Malgré les assurances de la ministre des Ressources humaines et du Développement des compétences (fédéral), Diane Finley, on ne sait toujours pas si la réforme du régime de l’assurance-emploi contenue dans le projet de loi C-38 n’inventera pas les camps de travail, version 2.0. Je vous rappelle mon billet précédent sur la question, où je soulignais le désir du gouvernement fédéral d’obliger les prestataires, de ce qui était appelé autrefois et proprement l’assurance-chômage, d’accepter un job qu’ils auraient en d’autres circonstances refusé.
Par contre, on connaît maintenant les principes sous-jacents de la réforme. L’un est moral, l’autre économique, tels qu’exprimés par leur théoricien, le ministre des Finances Jim Flaherty.
Le principe moral, d’abord: il n’y a pas de mauvais emploi, le seul mauvais emploi, c’est de ne pas avoir d’emploi, a dit le ministre Flaherty. On serait tenté de traduire par: Avec pas de job, c’est pas bien.
Le principe économique maintenant : il y a des emplois disponibles présentement au Canada, il y a des chômeurs, il n’y a donc aucune raison pour les chômeurs de les refuser. C’est à se demander, par contre, si le gouvernement Harper a posé la question suivante aux employeurs: les voulez-vous, ces chômeurs? Je ne suis pas sûr, par exemple, qu’un entrepreneur en maçonnerie ayant des besoins de briqueteurs éprouve le désir d’embaucher un commis comptable au chômage.
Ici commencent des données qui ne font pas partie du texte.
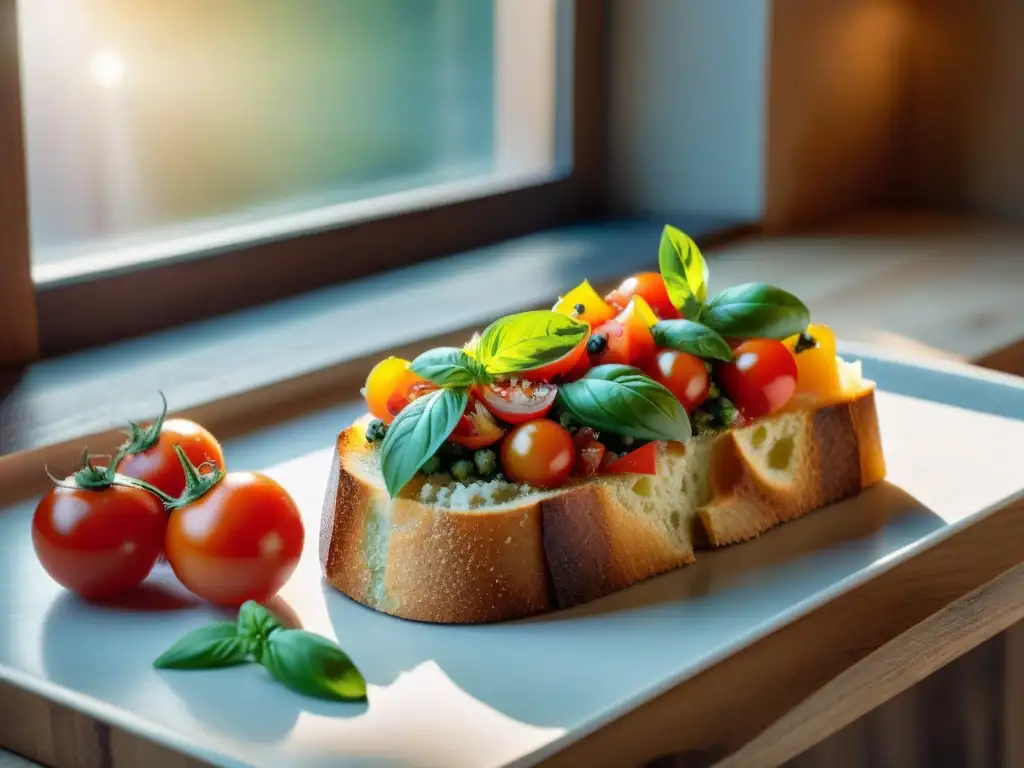 Una mesa rústica de madera con ingredientes frescos para bruschetta: tomates rojos, albahaca, ajo, pan, aceite de oliva y sal marina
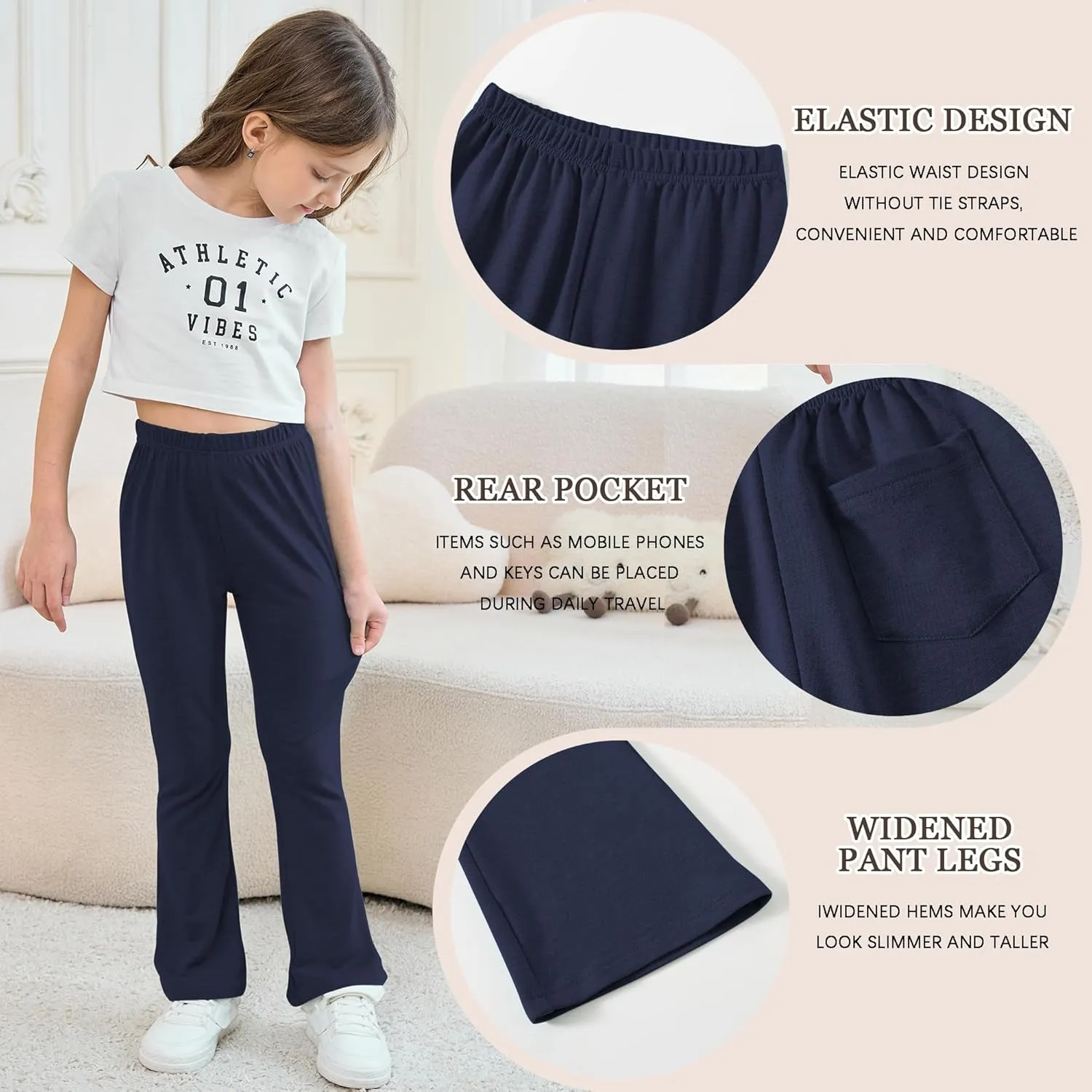Girls Mid-Rise Flared Pants, 3 Pack Soft Rayon Stretch Bell Bottoms for Kids, Skinny Fit Bootcut Leggings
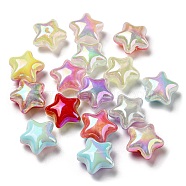 UV Plating Rainbow Iridescent Opaque Acrylic Beads, Glitter Beads, Two Tone, Star, Mixed Color, 18.5x20x11mm, Hole: 1.6mm(X-MACR-D081-13)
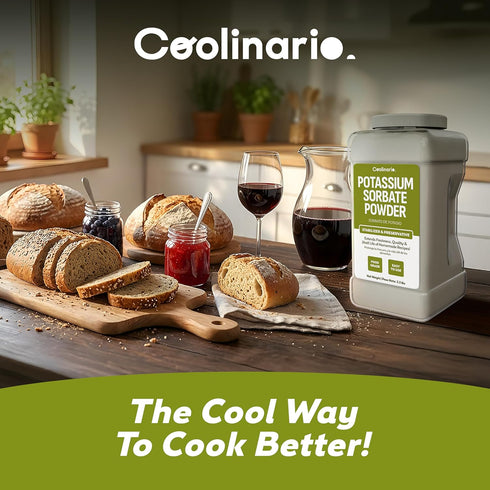 1 (3.3 lbs) Coolinario Potassium Sorbate - Gal Food Grade Preservative for Wine Stabilization, Homemade Jams, Baked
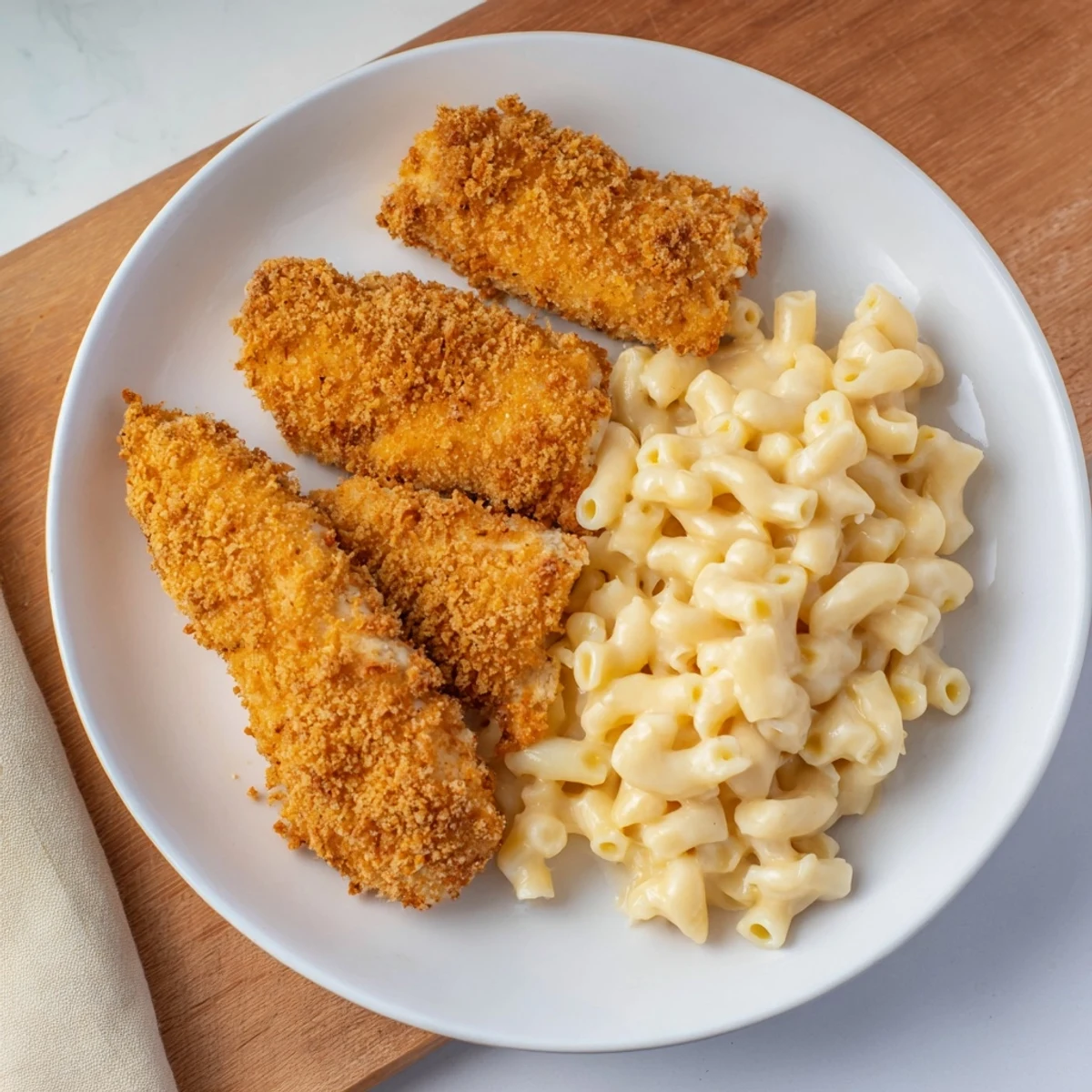 Golden, crispy chicken tenders resting next to a creamy, cheesy macaroni & cheese dish for a satisfying meal.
Donc, la ministre Finley, a joué un peu à la pompière, en arrosant d’eau de rose le feu de camp allumé par son distingué collègue des Finances. «On s’attend à ce que les Canadiens acceptent un emploi conforme à leurs compétences, et ce, dans leur région.» Le problème, c’est que cette notion existe déjà dans la loi actuelle régissant l’assurance-emploi. Dans le projet de loi C-38, les articles concernant les obligations à l’endroit des bénéficiaires sont abrogés. Ils seront remplacés par de simples règlements. Ainsi, pour les modifier, il fallait obtenir l’aval de la Chambre des communes et du Sénat. Dorénavant, seules les sautes d’humeur du ministre seront suffisantes. Jusqu’à maintenant, tous ignorent, sauf la ministre Finley et ses camarades conservateurs, de quelle manière seront rédigés ces nouveaux règlements.
Tout ça est de la théorie. La réalité est la suivante:
En janvier dernier, il y avait 6,4 chômeurs pour chaque emploi disponible au Canada (222 000 postes vacants, contre 1 421 000 chômeurs). En septembre dernier, c’était 5,4, selon les données de Statistique Canada.